Soluble amyloid-β oligomers (AβOs) are one of the main causative agents in AD. AβOs alter microtubule-mediated mitochondrial transport and may directly affect mitochondrial dynamics at synapses by interacting there with mitochondria (Manczak et al., 2011). AβO-induced mitochondrial dysfunction thereby drives progressive loss of synaptic activity and cell death, two major cellular features of AD. We recently found that AβOs activate mTORC1 at the plasma membrane (PM) in neurons (Norambuena et al., 2017), which leads to neuronal cell cycle reentry, a pathological pathway linked to neuronal death in AD (Norambuena et al., 2017) (Figure 1). In addition, we found that AβO-mediated activation of mTORC1 at the PM not only blocks NiMA but also dysregulates mtDNA replication (Norambuena et al., 2018) (Figure 1). As alterations in neuronal mtDNA maintenance account for brain energy metabolism deficiencies and inflammasome activation, alterations of the NiMA pathway may represent a mechanistic link connecting metabolic alterations, such as insulin resistance and inflammation, to impaired mitochondrial DNA maintenance in diseases such as AD. Thus, these novel AβO-mediated effects on NiMA pose exciting questions about molecular mechanisms that integrate nutrient signaling, mitochondrial dysfunction, and AD.

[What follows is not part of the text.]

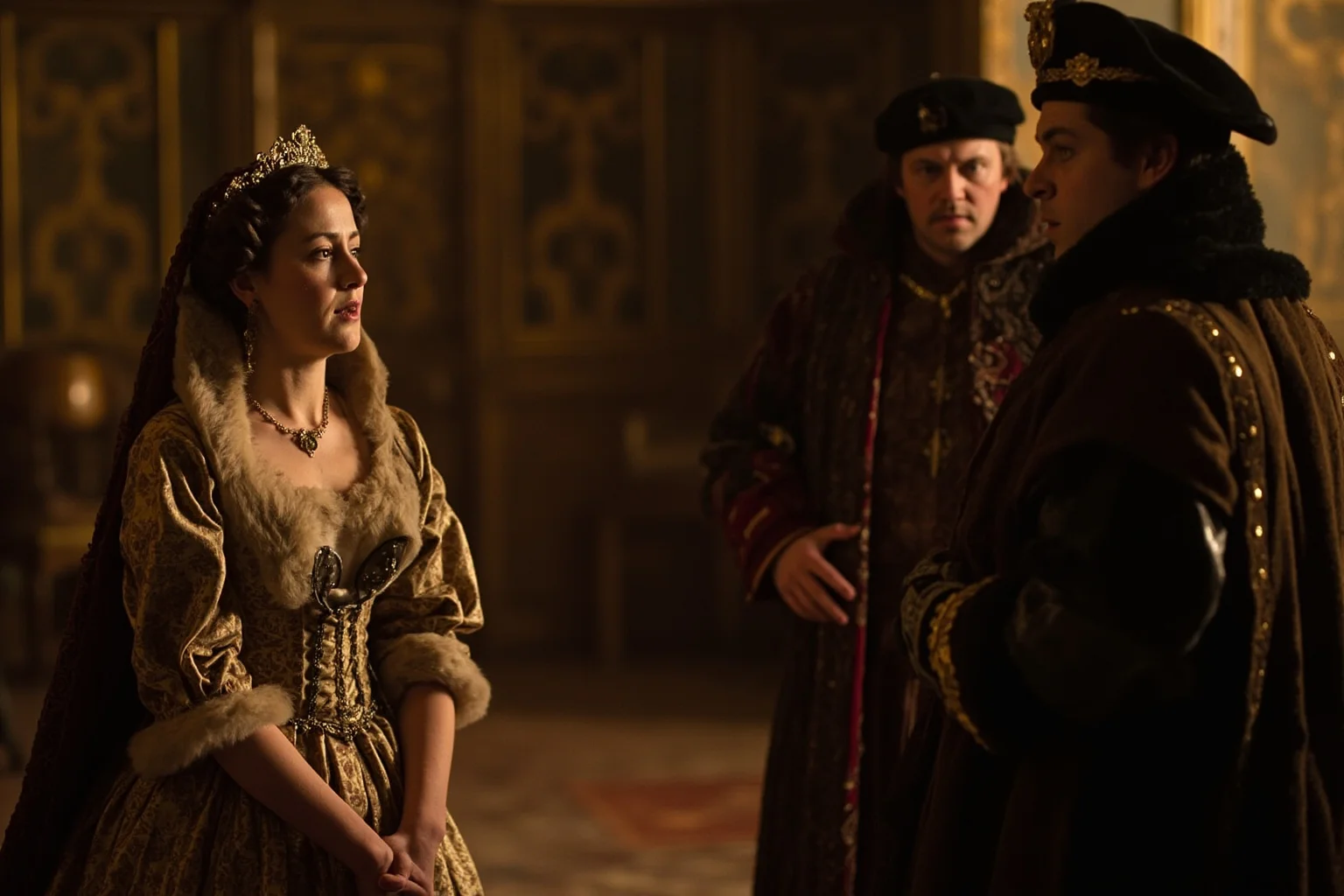 20 of History's Most Infamous 'Ugly' Figures — Myth vs. Reality 8 Tudor-era princess in elaborate 16th century dress meeting Henry VIII, awkward tension in the scene, ornate palace interior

A detailed molecular mechanism regulating NiMA is not yet fully understood and several outstanding questions remain open. For example, do nutrients directly regulate mitochondrial function through an unknown mTORC1 substrate or it is supported by a third organelle? Does NiMA involve lysosome–mitochondria (Wong et al., 2019) or ER–mitochondria contact sites (Lewis et al., 2016)? (Figure 1). Thus, identifying molecular machineries regulating interorganelle function is not only an exciting topic in cell biology but also represents an important opportunity to develop new biomarkers and therapies for early detection and treatment of human diseases.